- DATASET EXTRACT -
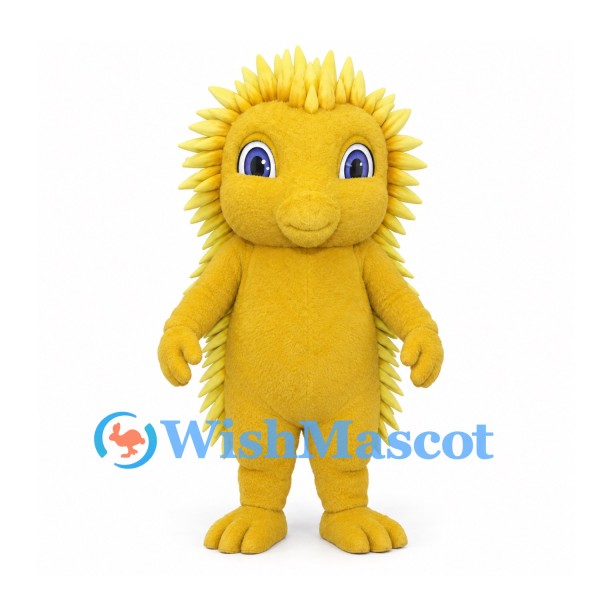 Hedgehog Mascot Costume in Yellow with Layered Pointed Spines
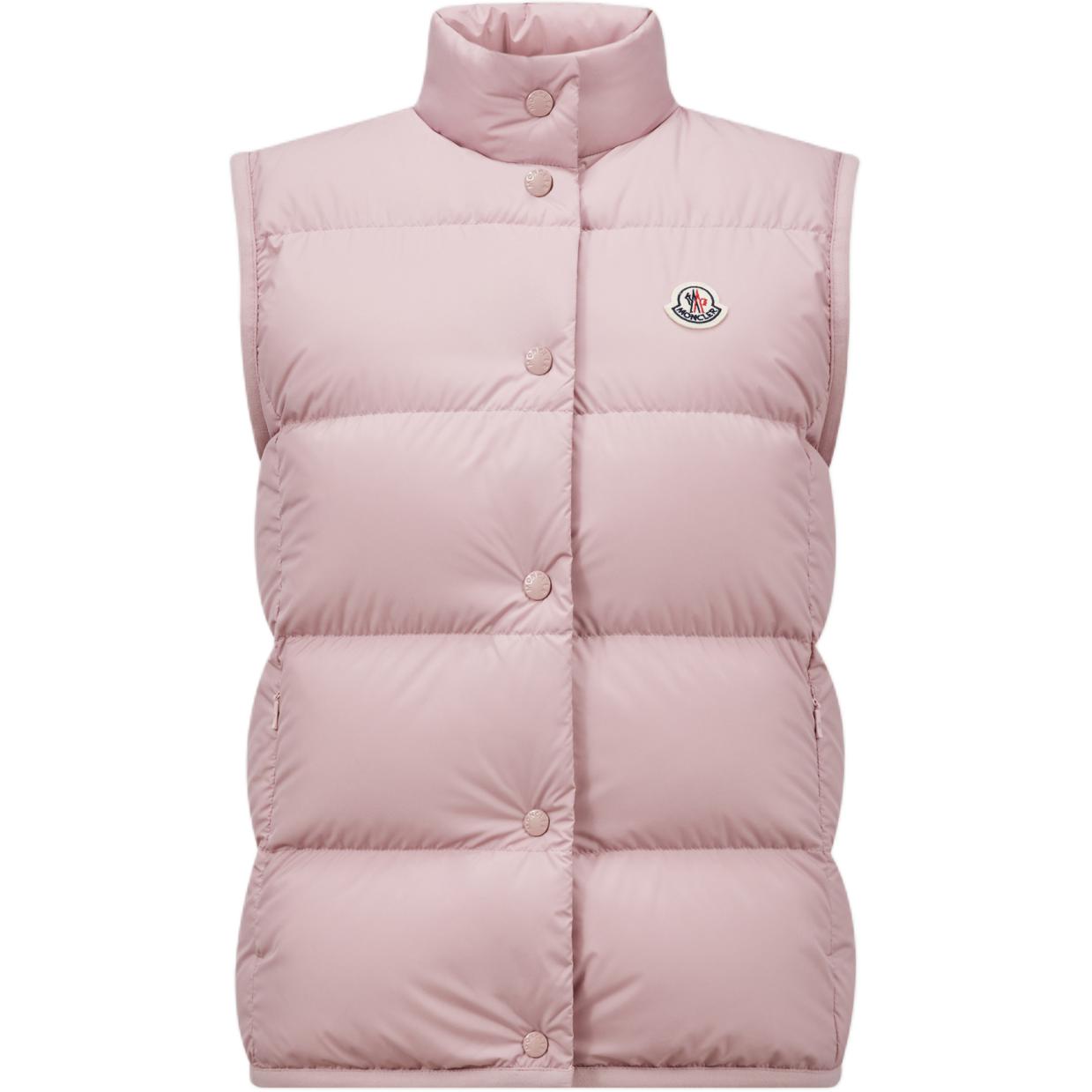 (Women) Moncler FW24 Badia Logo Matte Down Vest for Women Light Pink J20931A0000854A8151A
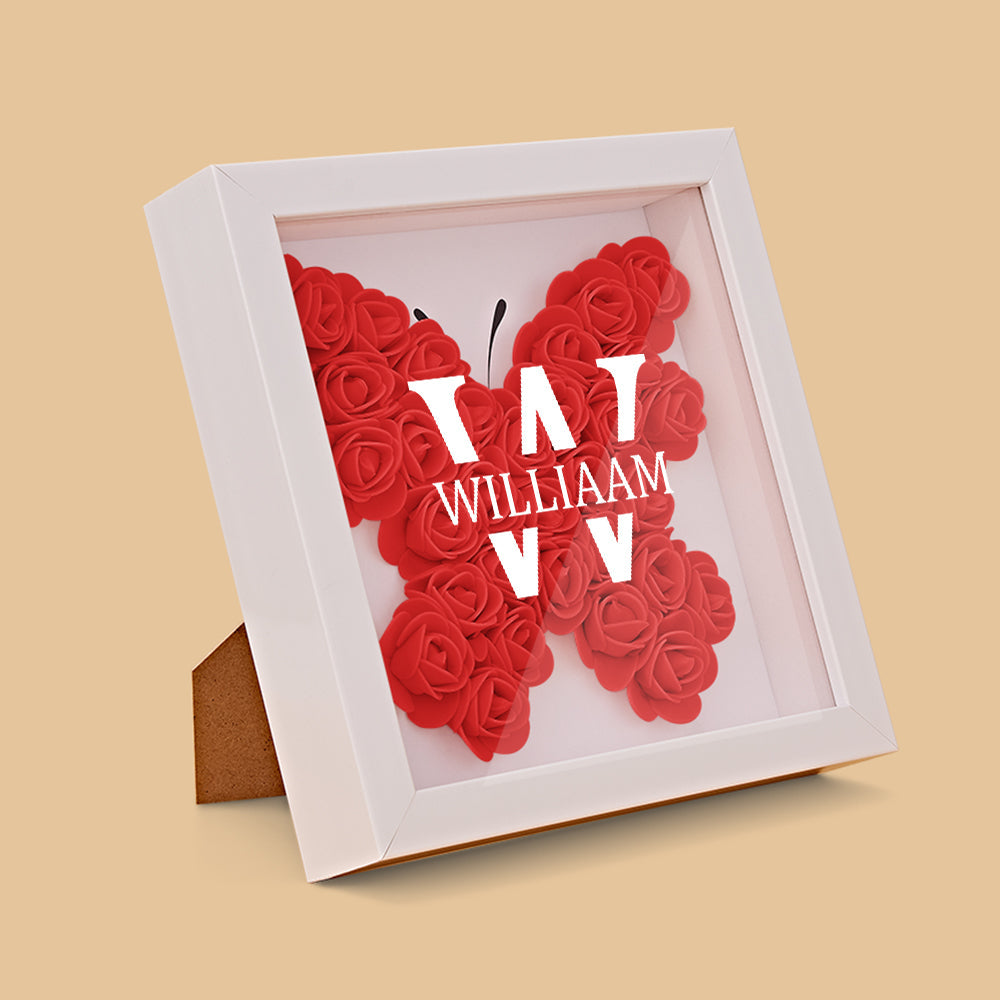Customised Name Flower Shadow Box Personalised Shadowbox Frame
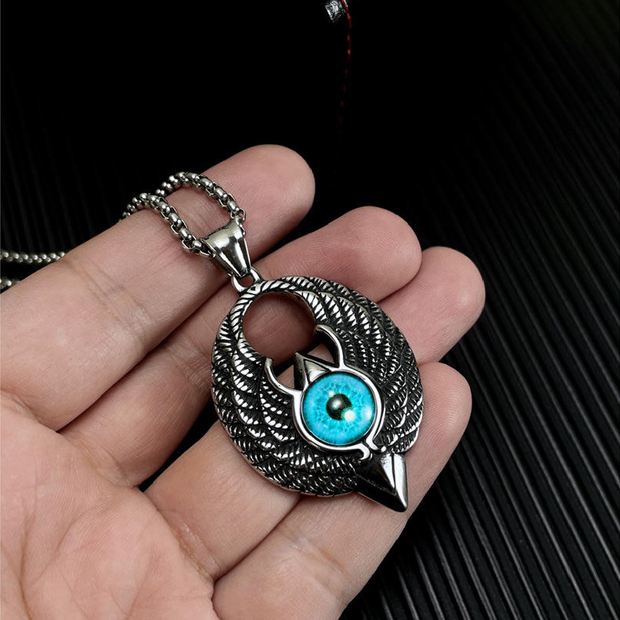 Fashion Punk Trending Hip Hop Blue Evil Eye Angel Wing Handmade Crystal Cuban Iced Out Bling Sparkle American Diamond Pendant Cubic Zirconia Necklace with Chain Gift Jewelry for Men and Women
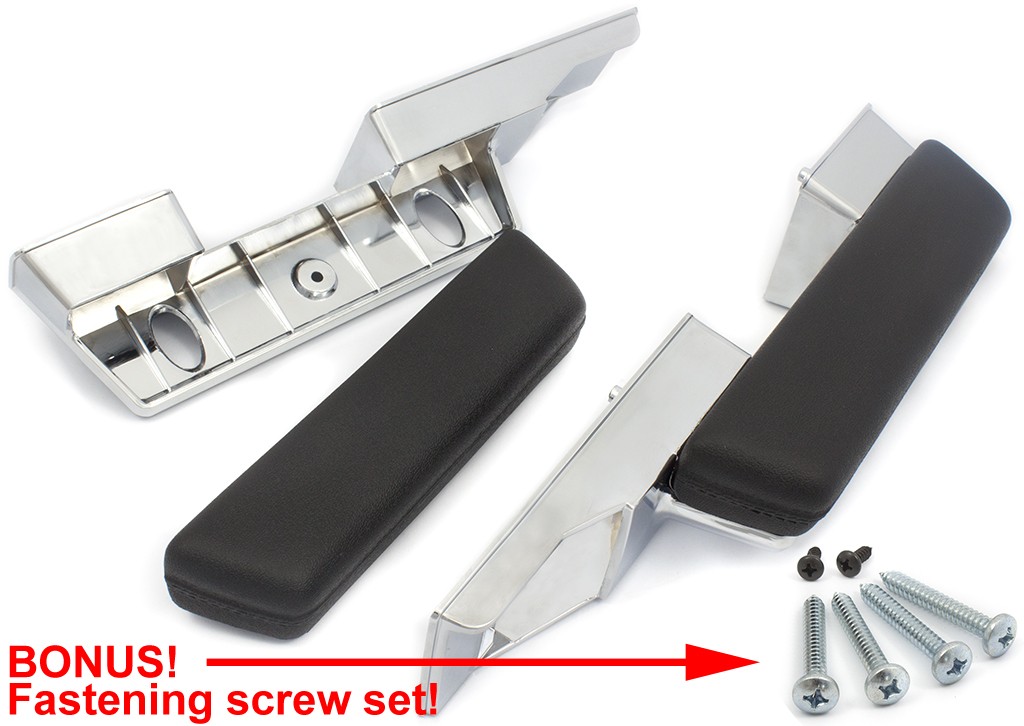 Reproduction Chrome Front/Rear Interior Armrest Base & Aftermarket Pad Set : suit VE/VF/VG/VH/VJ/VK/CL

- EXERCISE INSTRUCTIONS -
Locate the line containing "Customised Name Flower" in the material above, then repeat it and every later line exactly, with no pictures.

- RESPONSE TO THE TASK -
Customised Name Flower Shadow Box Personalised Shadowbox Frame
 Fashion Punk Trending Hip Hop Blue Evil Eye Angel Wing Handmade Crystal Cuban Iced Out Bling Sparkle American Diamond Pendant Cubic Zirconia Necklace with Chain Gift Jewelry for Men and Women
 Reproduction Chrome Front/Rear Interior Armrest Base & Aftermarket Pad Set : suit VE/VF/VG/VH/VJ/VK/CL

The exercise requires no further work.